Casualties and losses
- 4,000 dead or wounded 2,000 captured: Unknown

= Siege of Fuenterrabía (1638) =

1638 battle of the Franco-Spanish War

The siege of Hondarribia of 1638 took place in June – September 1638, between Spain and France during the Thirty Years' War and the Franco-Spanish War (1635-1659).

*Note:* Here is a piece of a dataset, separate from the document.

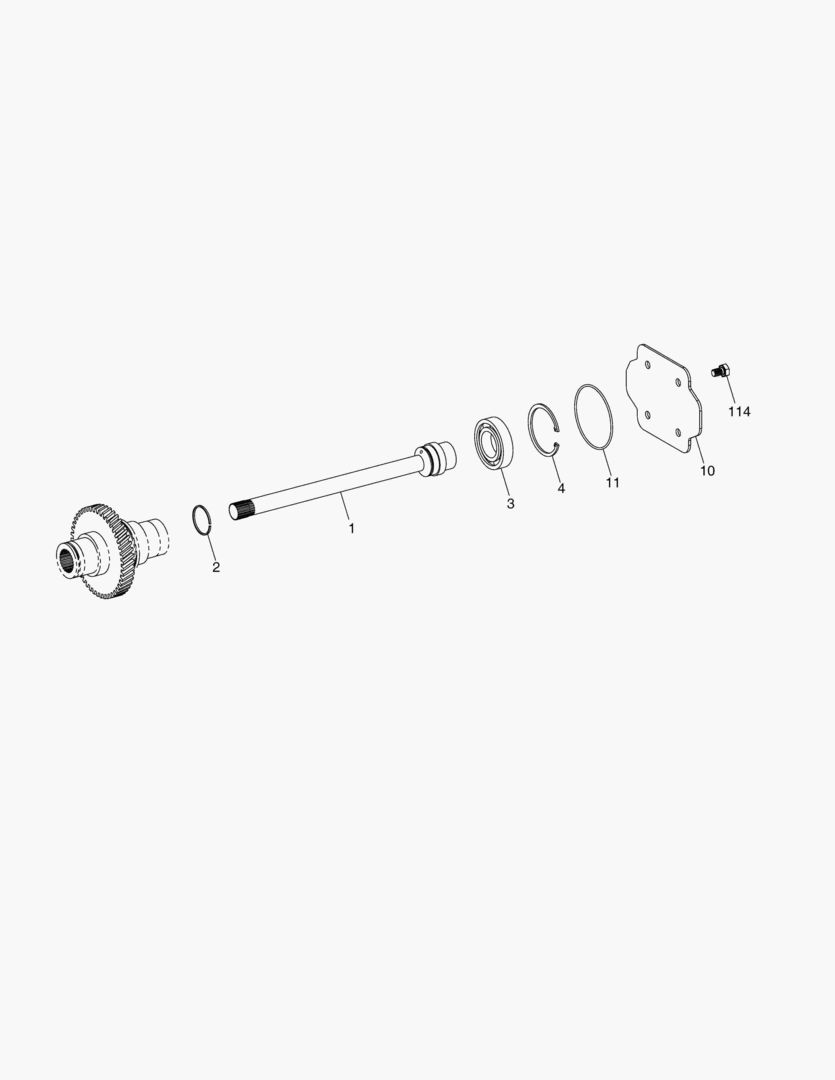 МЕХАНИЗМ ОТБОРА МОЩНОСТИ - ТРАНСМИССИЯ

The French army commanded by Henri de Bourbon, Prince of Condé, Bernard de La Valette, Duke d'Épernon and Henri d'Escoubleau de Sourdis composed of 27,000 men and several warships besieged the city for two months, firing 16,000 shells into the walled city, leaving only 300 survivors, most of them women and children. The city was virtually destroyed, but nevertheless did not surrender.

On 7 September, the Spanish army led by Juan Alfonso Enríquez de Cabrera, 9th Admiral of Castile, relieved the city and defeated the French forces. The raising of the siege is celebrated annually on 8 September in a parade, known as Alarde.

After the French disaster of Fuenterrabía (Hondarribia), Henri d'Escoubleau de Sourdis attempted to blame the defeat on Bernard de La Valette, Duke d'Épernon, who had refused to lead the attack, believing that it would fail.

For the successful resistance, the city received the title of «Muy noble, muy leal, muy valerosa y muy siempre fiel».